The first episode was phenomenally stupid and derivative, but with the occasional bit of fun. Episode two gave us a mix of stupids: on the one hand, we had Kirk once again back at HQ trying to bring to book a road racer who is smart enough to work out that drones can't fly where there's no decent signal; on the other, we have cops going dewey eyed over kids who have been mowed down and police dogs who have been blown up ("No!"). But it wasn't quite as stupid, and there was an element of fun and excitement, with Kirk dicking around with motorbikes for most of an episode to give us his own version of Street Hawk, complete with street chases. We also had The Tall Guy from ER turn up, hugely probably, as a former pro-wrestler with an PhD in electronics, to give Kirk his own Jarvis to talk to when he's doing some remodelling.

Just for a glimmering moment, it seemed like the show understood how stupid it was and was going to have some fun instead, giving us a piece of programming that teenagers can watch, be excited by and decided to become engineers. Because this is a show trying to make engineers look sexy. Even Justin Kirk.

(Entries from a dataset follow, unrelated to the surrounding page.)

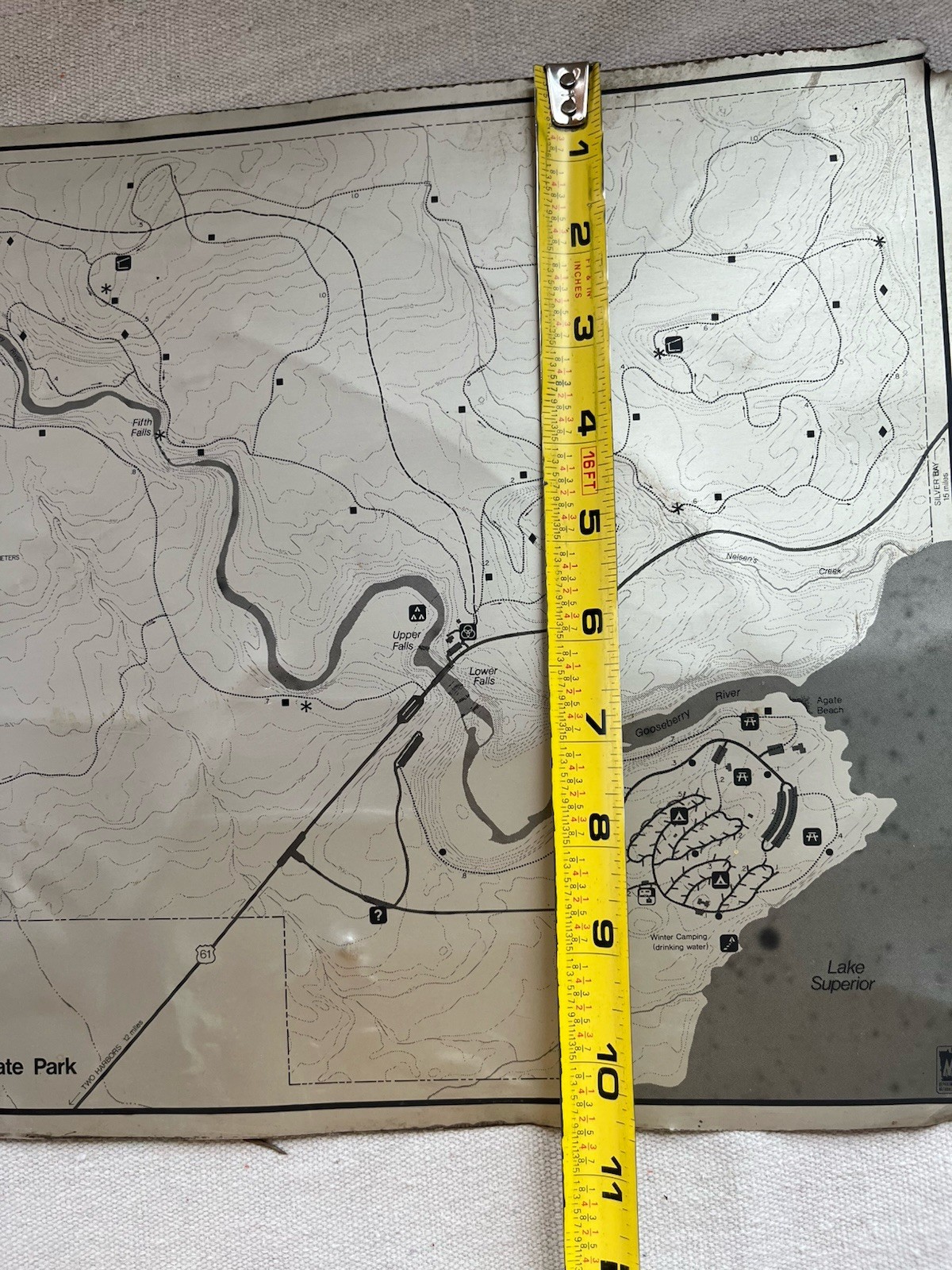 Authentic VTG Gooseberry State Park Trails Tin Metal Map w/Legend Lake Superior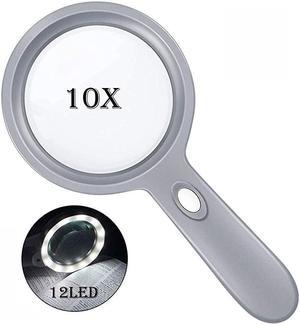 Pocket Magnifying Glass Handheld with Light, Mini Illuminated Folding  Magnifier Lighted Magnifier for Reading, Inspection, Low Vision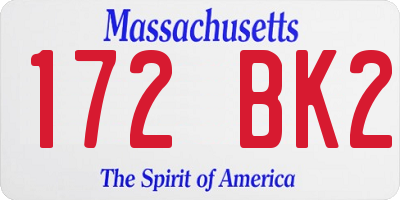MA license plate 172BK2
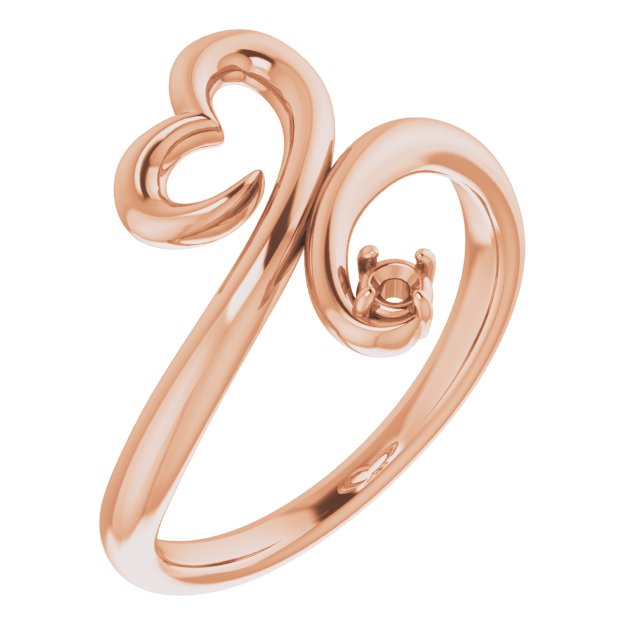 14K Rose .06 CTW Diamond Heart Ring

Sure, there was the daftness of having the vengeful mayor of Chicago putting the husband of Kirk's right-hand woman in charge of the anti-Kirk task squad, but soapiness we can ignore. However, episode three was simply moronic and soporific. While the first episode had Kirk giving us his solutions to existing problems and the show demonstrating how they'd work in practice, both episodes two and three flipped that formula: new problem turns up, Kirk devises a solution to it. And episode three's problem was the age-old issue of interrogation - how to get a criminal to tell you the truth? Now here, people have already seen the problem and come up with a technical solution: the lie detector. And we know its limitations, as well as the civil liberty implications. We know reality and its nuances.

But since the format demands that Kirk be a brilliant inventor, he has to come up with a costly technical solution, too. Here, he gives us… the lie detector chair! You sit in the chair and people know your vital signs and therefore whether you're lying! You don't even have to touch any electrodes or anything! Just as long as you're sitting in that chair, everything will be fine. It's nonsense, of course, and probably illegal nonsense, too. It's also a nonsense that any sane grown-up can watch, compare with reality and see it's nonsense.

Coupled with that, we had a really bad attempt to give all of Kirk's helper monkeys some characters and some background, with dialogue and plot devices that would curdle milk. And for a show supposed to be about the virtues of bringing private sector mentality to the public sector, Kirk's employees have an interesting approach to time-keeping, the rule of law, chains of command and even not provoking people to commit crimes

Three episodes in, with Kirk wasting millions on gadgets, discovering policing is more about people than technology and generally coming up with things that just don't work in practice unless a billionaire CEO gives us running his rocket-making company indefinitely so he can sit and fiddle with a joystick all day, I'm starting to think APB is really just a paean to the public sector. We're supposed to watch and enjoy seeing Kirk play with his gadgets, but ultimately discover that the police do things the way they do things for a reason and that they're a lot more dedicated than someone just in it for the big pay cheque. So off he goes with his tail between his leg.

But I'm not sticking around for that, because I can't bear any more of it.